= Task statement =
Up to and including the line with "Editorial 09 jp 2015 infiniti q70l", return every line from the start of the entries below exactly.

= Information shown =
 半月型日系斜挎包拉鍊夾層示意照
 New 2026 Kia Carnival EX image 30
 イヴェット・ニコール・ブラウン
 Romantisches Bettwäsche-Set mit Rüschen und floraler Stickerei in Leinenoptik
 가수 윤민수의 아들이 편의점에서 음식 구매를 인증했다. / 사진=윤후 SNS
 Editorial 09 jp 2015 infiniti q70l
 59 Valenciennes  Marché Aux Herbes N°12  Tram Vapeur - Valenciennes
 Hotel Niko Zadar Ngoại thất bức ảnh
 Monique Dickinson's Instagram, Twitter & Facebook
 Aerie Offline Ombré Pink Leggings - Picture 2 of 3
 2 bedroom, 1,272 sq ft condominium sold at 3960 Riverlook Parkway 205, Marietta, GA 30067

= Result =
 半月型日系斜挎包拉鍊夾層示意照
 New 2026 Kia Carnival EX image 30
 イヴェット・ニコール・ブラウン
 Romantisches Bettwäsche-Set mit Rüschen und floraler Stickerei in Leinenoptik
 가수 윤민수의 아들이 편의점에서 음식 구매를 인증했다. / 사진=윤후 SNS
 Editorial 09 jp 2015 infiniti q70l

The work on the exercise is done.